Now, I can’t summarize or reproduce his argument here, in full, but I did want to highlight a few exegetical nuggets on along these lines.
First, there’s the rather curious line about the way going to eat Temple meat and wounding your brother’s conscience is a “sin against Christ” (8:12). At first, it seems like the point is that by sinning against your brother, you’re sinning against Christ, because you’re sinning against the body of Christ. But Tilling points out (among a number of other things), that if that’s what Paul meant, he could have said so explicitly as he does elsewhere (1 Corinthians 10:9, 22). Instead, it seems appropriate the read the relationship more directly as an example of Paul treating Christ as God. Much as David confesses that his sin with Bathsheba against Uriah is directly against God (Ps. 51), Paul’s “simple and natural reflex” was to see this sin against a brother as directly against Christ (94).

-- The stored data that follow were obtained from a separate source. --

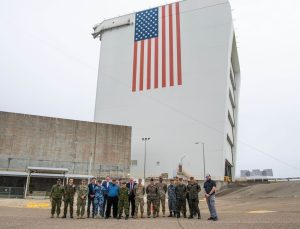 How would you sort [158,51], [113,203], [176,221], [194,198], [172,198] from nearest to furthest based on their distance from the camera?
1. [176,221]
2. [194,198]
3. [113,203]
4. [172,198]
5. [158,51]

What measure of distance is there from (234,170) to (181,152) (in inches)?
826

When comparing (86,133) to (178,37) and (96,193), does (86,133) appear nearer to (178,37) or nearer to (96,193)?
(178,37)

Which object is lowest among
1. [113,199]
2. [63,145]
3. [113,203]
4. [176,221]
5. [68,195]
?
[176,221]

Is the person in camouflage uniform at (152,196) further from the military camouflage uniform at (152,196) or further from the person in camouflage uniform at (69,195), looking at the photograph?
the person in camouflage uniform at (69,195)

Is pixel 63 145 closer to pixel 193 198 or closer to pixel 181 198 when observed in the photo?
pixel 181 198

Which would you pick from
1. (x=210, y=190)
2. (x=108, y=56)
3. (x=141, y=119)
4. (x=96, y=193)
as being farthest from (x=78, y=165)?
(x=210, y=190)

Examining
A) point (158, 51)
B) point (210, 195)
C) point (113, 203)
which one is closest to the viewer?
point (210, 195)

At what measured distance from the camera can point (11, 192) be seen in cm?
3164

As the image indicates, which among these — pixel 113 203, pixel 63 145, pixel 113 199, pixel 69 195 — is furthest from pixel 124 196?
pixel 63 145

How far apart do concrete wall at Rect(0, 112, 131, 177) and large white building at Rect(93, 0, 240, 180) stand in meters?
9.28

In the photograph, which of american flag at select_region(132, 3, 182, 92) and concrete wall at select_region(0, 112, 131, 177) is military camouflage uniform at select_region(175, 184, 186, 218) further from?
american flag at select_region(132, 3, 182, 92)

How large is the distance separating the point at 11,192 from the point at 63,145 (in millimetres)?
21950

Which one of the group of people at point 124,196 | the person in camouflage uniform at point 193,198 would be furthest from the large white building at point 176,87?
the person in camouflage uniform at point 193,198

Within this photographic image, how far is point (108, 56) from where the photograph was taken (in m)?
75.6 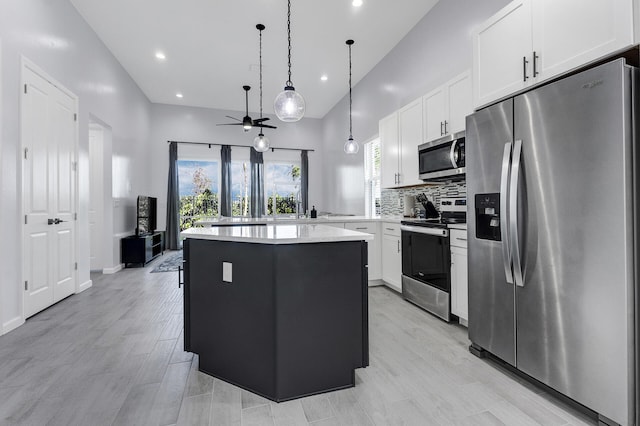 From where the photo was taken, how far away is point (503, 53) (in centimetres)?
213

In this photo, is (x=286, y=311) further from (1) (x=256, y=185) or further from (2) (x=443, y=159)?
(1) (x=256, y=185)

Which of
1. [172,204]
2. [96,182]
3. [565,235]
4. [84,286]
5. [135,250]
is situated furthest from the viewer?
[172,204]

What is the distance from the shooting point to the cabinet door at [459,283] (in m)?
2.73

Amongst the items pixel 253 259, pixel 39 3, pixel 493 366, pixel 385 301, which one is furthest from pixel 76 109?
pixel 493 366

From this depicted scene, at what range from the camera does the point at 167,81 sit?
6.25 metres

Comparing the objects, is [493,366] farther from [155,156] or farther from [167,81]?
[155,156]

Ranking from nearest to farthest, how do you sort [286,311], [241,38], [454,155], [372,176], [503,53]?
[286,311], [503,53], [454,155], [241,38], [372,176]

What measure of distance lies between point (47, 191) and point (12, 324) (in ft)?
4.55

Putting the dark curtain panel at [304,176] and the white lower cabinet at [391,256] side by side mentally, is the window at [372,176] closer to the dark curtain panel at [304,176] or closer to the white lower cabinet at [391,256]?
the white lower cabinet at [391,256]

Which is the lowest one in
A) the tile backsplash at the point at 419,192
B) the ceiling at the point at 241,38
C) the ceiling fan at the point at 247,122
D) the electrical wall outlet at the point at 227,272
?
the electrical wall outlet at the point at 227,272

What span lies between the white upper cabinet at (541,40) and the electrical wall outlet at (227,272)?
2.11 metres

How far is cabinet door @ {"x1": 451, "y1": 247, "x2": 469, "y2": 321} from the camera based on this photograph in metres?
2.73

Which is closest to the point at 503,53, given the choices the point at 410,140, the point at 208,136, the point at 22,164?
the point at 410,140

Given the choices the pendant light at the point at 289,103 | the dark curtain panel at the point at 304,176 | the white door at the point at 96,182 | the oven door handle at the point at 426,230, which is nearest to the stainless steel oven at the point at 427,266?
the oven door handle at the point at 426,230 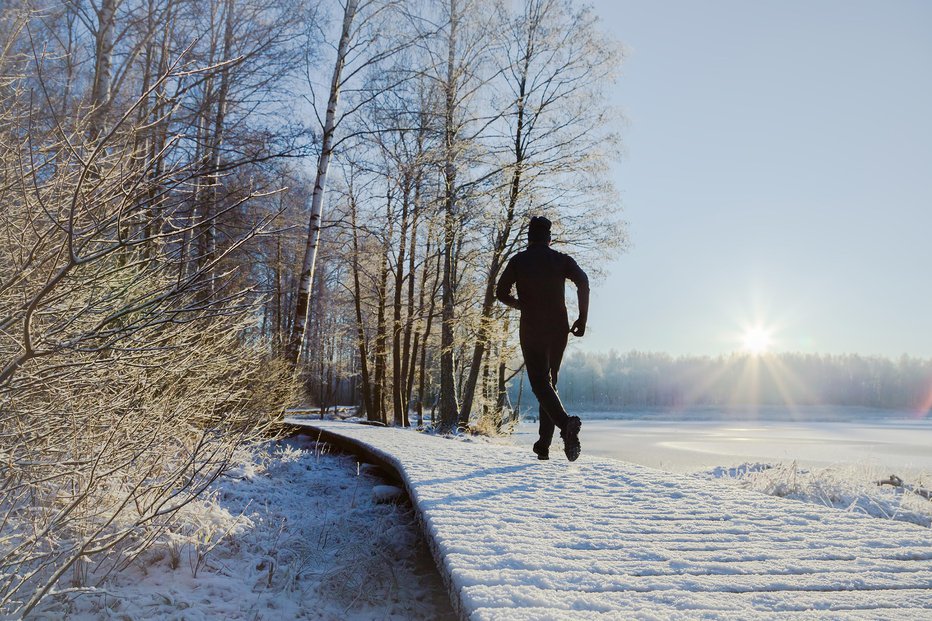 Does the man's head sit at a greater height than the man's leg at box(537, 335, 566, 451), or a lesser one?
greater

Jumping ahead to chapter 10, in his warning against idolatry, Paul cites a gnarly string of Old Testament narratives where YHWH judges the Israelites, ‘our ancestors’ in the faith (10:1-5), for various sins such as idolatry, sexual immorality, grumbling, testing the Lord, etc (10:6-10). What’s fascinating about these texts where Paul says, “we must not sorely test Christ, as some of them did” (10:9), is that here, “Paul…associates the relation between Israel and YHWH in the Pentateuchal narratives with the relation between the risen Lord and believers in Corinth” (96).
Continuing on, the same relation can be seen in Paul’s warnings about drinking from the cup of Christ and the cup of demons (10:14-22). In these verses, Paul is explicitly identifying eating meat in the pagan temples with idolatry and urging them to stay away from it (10:14). Why? Because even if there is no real “god” behind it, these meals are still communion meals, acts of “participation.” It’s an act of devotion that in the Old Testament was reserved for the Israelite and YHWH in the feasts and Temple cult. And yet, here we have Paul speaking not of the cup of “God”, but instead warning:
You cannot drink the cup of the Lord and the cup of demons. You cannot partake of the table of the Lord and the table of demons. (1 Corinthians 10:21)
Just as the Israelites were not supposed to provoke God by worshipping other gods, Christians should not “provoke the Lord to jealousy” (10:22), by trying to have it both ways. “Koinonia with respect to Christ…becomes the expression of covenant loyalty, of monotheistic loyalty without idolatry” (100).
Again, I’ve barely scratched the surface of Tilling’s argument (I’m only halfway through the book), but as the kids say, “what has been seen cannot be unseen.” Indeed, once you get a grip on Tilling’s basic argument, it becomes rather intuitive to begin to see it all over the place in Paul. And it seems that’s rather the point. Paul’s divine Christology is not only an affair of key, isolated proof-texts (as helpful as some of those are), but rather form the warp and woof of his whole thought.